The short-term use of benzodiazepines adversely affects multiple areas of cognition; most notably, it interferes with the formation and consolidation of memories of new material and may induce complete anterograde amnesia.[55] However, researchers hold contrary opinions regarding the effects of long-term administration. One view is that many of the short-term effects continue into the long-term and may even worsen, and are not resolved after quitting benzodiazepines. Another view maintains that cognitive deficits in chronic benzodiazepine users occur only for a short period after the dose, or that the anxiety disorders is the cause of these deficits. While the definitive studies are lacking, the former view recently received support from a meta-analysis of 13 small studies.[64][65] This meta-analysis found that long-term use of benzodiazepines was associated with moderate to large adverse effects on all areas of cognition, with visuospatial memory being the most commonly detected impairment. Some of the other impairments reported were decreased IQ, visiomotor coordination, information processing, verbal learning and concentration. The authors of the meta-analysis[64] and a later reviewer[65] noted that the applicability of this meta-analysis is limited because the subjects were taken mostly from withdrawal clinics, the coexisting drug, alcohol use and psychiatric disorders were not defined, and several of the included studies conducted the cognitive measurements during the withdrawal period.
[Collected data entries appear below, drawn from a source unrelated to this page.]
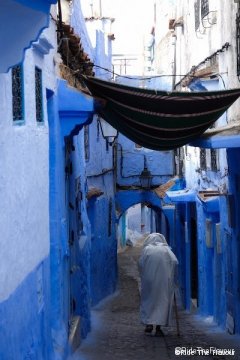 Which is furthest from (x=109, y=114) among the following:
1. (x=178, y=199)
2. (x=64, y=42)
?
(x=178, y=199)

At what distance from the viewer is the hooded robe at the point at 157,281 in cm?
1222

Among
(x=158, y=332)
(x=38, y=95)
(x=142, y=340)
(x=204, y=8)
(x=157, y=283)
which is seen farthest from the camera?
(x=204, y=8)

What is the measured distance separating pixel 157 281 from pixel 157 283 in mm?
35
Benzodiazepines have a reputation with patients and doctors for causing a severe and traumatic withdrawal; however, this is in large part due to the withdrawal process being poorly managed. Over-rapid withdrawal from benzodiazepines increases the severity of the withdrawal syndrome and increases the failure rate. A slow and gradual withdrawal customised to the individual and, if indicated, psychological support is the most effective way of managing the withdrawal. Opinion as to the time needed to complete withdrawal ranges from four weeks to several years. A goal of less than six months has been suggested, but due to factors such as dosage and type of benzodiazepine, reasons for prescription, lifestyle, personality, environmental stresses and amount of available support, a year or more may be needed to withdraw. [22]:183–184 Withdrawal is best managed by transferring the physically-dependent patient to an equivalent dose of diazepam because it has the longest half-life of all of the benzodiazepines, is metabolised into long acting active metabolites and is available in low-potency tablets, which can be quartered for smaller doses.[74] A further benefit is that it is available in liquid form which allows for even smaller reductions. Chlordiazepoxide which also has a long half life and long acting active metabolites can be used as an alternative.[74][75] Nonbenzodiazepines are contraindicated during benzodiazepine withdrawal as they are cross tolerant with benzodiazepines and can induce dependence. Alcohol is also cross tolerant with benzodiazepines and more toxic and thus caution is needed to avoid replacing one dependence with another. Fluoroquinolone antibiotics if possible are best avoided during withdrawal; they displace benzodiazepines from their binding site and reduce GABA function and thus may aggravate withdrawal symptoms.[74] Antipsychotics are not recommended for benzodiazepine withdrawal (or other CNS depressant withdrawal states) especially clozapine, olanzapine or low potency phenothiazines eg chlorpromazine as they lower the seizure threshold and can worsen withdrawal effects; if used extreme caution is required.[76]

Withdrawal from long term benzodiazepines is benefitial for most individuals.[63] Withdrawal of benzodiazepines from long term users generally leads to improved physical and mental health particularly in the elderly; however, some long term users report continued benefit from taking benzodiazepines, but this may be the result of suppression of withdrawal effects.